Work to complete: Print the lines below from the line with "TrkC Antibody" to the line with "Survival of patients" exactly, keeping both ends, and print no pictures.

Extracted material:
——
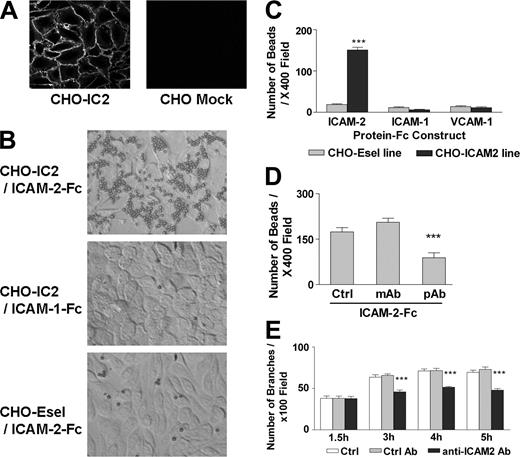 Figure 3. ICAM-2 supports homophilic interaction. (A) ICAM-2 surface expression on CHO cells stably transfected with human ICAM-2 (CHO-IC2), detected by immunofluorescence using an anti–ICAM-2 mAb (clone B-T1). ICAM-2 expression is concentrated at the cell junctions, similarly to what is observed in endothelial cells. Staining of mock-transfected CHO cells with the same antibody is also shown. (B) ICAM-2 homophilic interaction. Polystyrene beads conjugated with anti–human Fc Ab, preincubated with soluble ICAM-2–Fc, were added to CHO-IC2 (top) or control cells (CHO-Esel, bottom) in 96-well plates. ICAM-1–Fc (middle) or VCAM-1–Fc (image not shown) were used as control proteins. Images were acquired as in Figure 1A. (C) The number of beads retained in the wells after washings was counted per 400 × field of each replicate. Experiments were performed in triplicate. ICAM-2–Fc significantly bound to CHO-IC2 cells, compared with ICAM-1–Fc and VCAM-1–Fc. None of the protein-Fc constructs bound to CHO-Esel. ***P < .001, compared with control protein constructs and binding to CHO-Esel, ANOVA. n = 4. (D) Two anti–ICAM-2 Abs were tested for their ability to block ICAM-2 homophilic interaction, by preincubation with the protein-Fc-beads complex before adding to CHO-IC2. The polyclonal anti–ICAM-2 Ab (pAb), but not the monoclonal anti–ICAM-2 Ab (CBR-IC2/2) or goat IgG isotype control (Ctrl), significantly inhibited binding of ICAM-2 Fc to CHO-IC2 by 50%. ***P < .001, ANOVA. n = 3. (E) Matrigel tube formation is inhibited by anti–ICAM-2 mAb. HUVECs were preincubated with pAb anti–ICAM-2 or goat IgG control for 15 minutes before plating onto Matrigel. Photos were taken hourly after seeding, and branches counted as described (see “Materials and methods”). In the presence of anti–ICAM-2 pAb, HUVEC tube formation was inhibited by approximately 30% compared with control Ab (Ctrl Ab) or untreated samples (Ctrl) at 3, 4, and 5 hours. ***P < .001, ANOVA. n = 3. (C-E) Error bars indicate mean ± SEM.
——
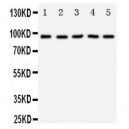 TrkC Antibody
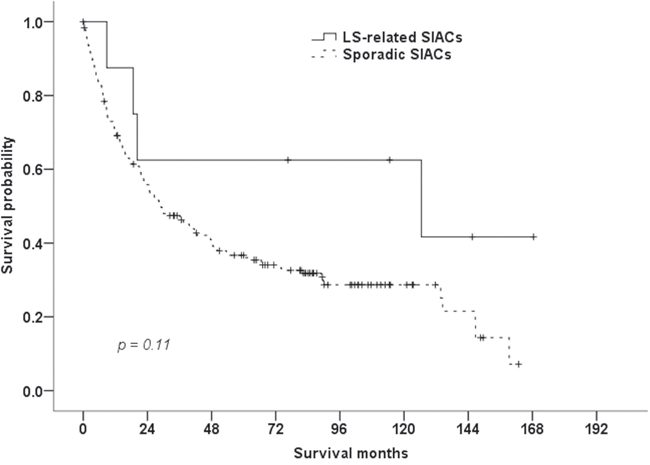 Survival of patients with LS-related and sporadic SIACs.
——
Exercise result:
 TrkC Antibody
 Survival of patients with LS-related and sporadic SIACs.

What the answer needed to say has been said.